Time to take a closer look at the code that breaks:

u_int32_t
pf_state_expires(const struct pf_state *state)
{
        u_int32_t       timeout;
        u_int32_t       start;
        u_int32_t       end;
        u_int32_t       states;

        /* handle all PFTM_* > PFTM_MAX here */
        if (state->timeout == PFTM_PURGE)
                return (time_uptime);
        KASSERT(state->timeout != PFTM_UNLINKED,
            ("pf_state_expires: timeout == PFTM_UNLINKED"));
        KASSERT((state->timeout < PFTM_MAX),
            ("pf_state_expires: timeout > PFTM_MAX"));
        timeout = state->rule.ptr->timeout[state->timeout];
        if (!timeout)
                timeout = V_pf_default_rule.timeout[state->timeout];
        start = state->rule.ptr->timeout[PFTM_ADAPTIVE_START];
        if (start) {
                end = state->rule.ptr->timeout[PFTM_ADAPTIVE_END];
                states = counter_u64_fetch(state->rule.ptr->states_cur);
        } else {
                start = V_pf_default_rule.timeout[PFTM_ADAPTIVE_START];
                end = V_pf_default_rule.timeout[PFTM_ADAPTIVE_END];
                states = V_pf_status.states;
        }
        if (end && states > start && start < end) {
                if (states < end)
                        return (state->expire + timeout * (end - states) /
                            (end - start));
                else
                        return (time_uptime);
        }
        return (state->expire + timeout);
}

Specifically, the following line:

	states = counter_u64_fetch(state->rule.ptr->states_cur);

We try to fetch a counter value here, but instead we dereference a bad pointer. There's two here, so already we need more information. Inspection of the core dump reveals that the state pointer is valid, and contains sane information. The rule pointer (rule.ptr) points to a sensible location, but the data is mostly 0xdeadc0de. This is the memory allocator being helpful (in debug mode) and writing garbage over freed memory, to make use-after-free bugs like this one easier to find.

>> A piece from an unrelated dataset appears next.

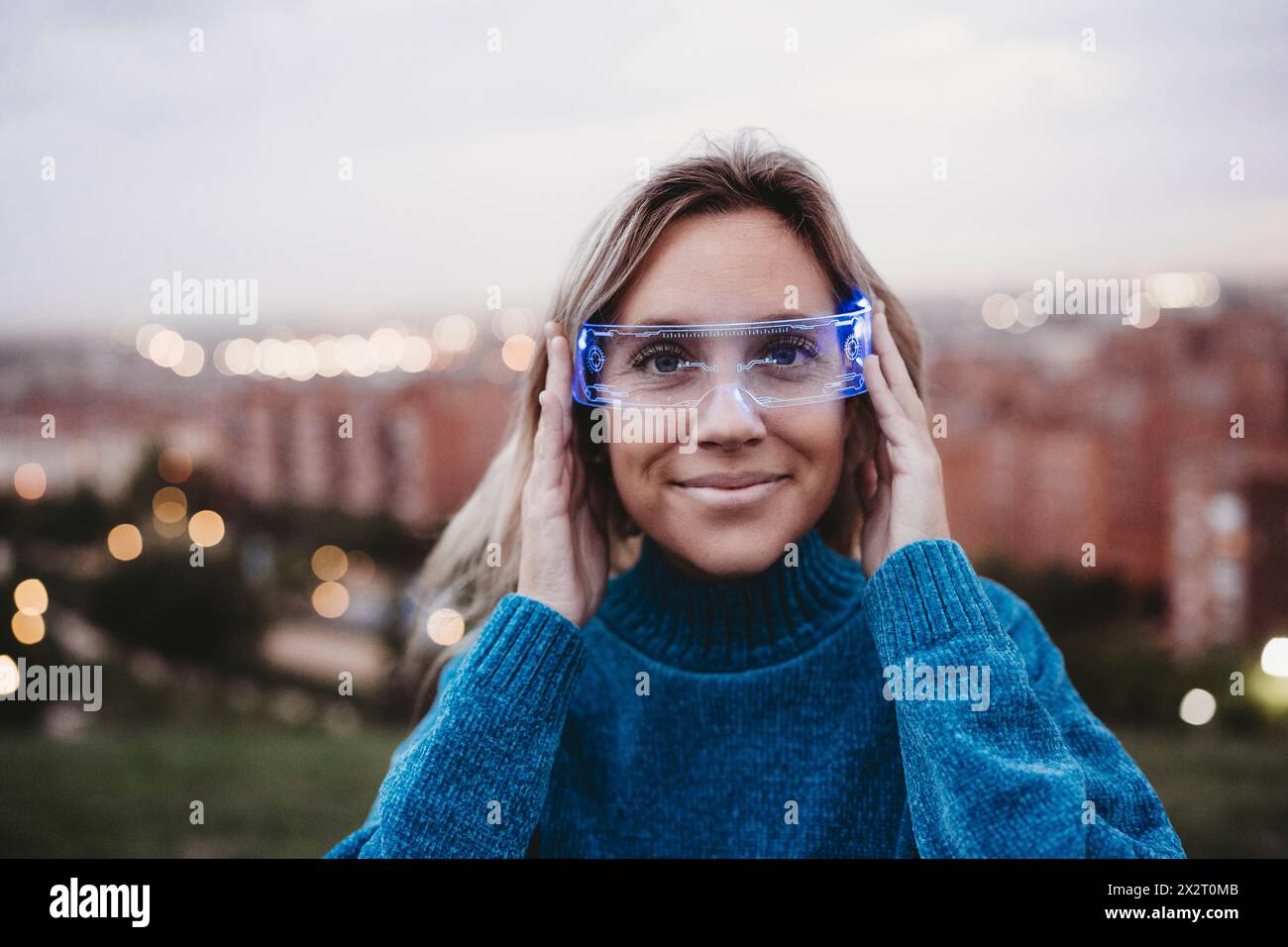 Lächelnde Frau, die in der Abenddämmerung eine kluge Brille trägt Stockfoto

In other words: the rule has been free()d while there was still a state pointing to it. Somehow we have a state (describing a connection pf knows about) which points to a rule which no longer exists.

The core dump also shows that the problem always occurs with states and rules in the default vnet (i.e. the host pf instance), not one of the pf instances in one of the vnet jails. That matches with the observation that the test script does not trigger the panic unless we also reload the rules on the host.

Great, we know what's wrong, but now we need to work out how we can get into this state. At this point we're going to have to learn something about how rules and states get cleaned up in pf. Don't worry if you had no idea, because before this bug I didn't either.

The states keep a pointer to the rule they match, so when rules are changed (or removed) we can't just delete them. States get cleaned up when connections are closed or they time out. This means we have to keep old rules around until the states that use them expire.

When rules are removed pf_unlink_rule() adds then to the V_pf_unlinked_rules list (more on that funny V_ prefix later). From time to time the pf purge thread will run over all states and mark the rules that are used by a state. Once that's done for all states we know that all rules that are not marked as in-use can be removed (because none of the states use it).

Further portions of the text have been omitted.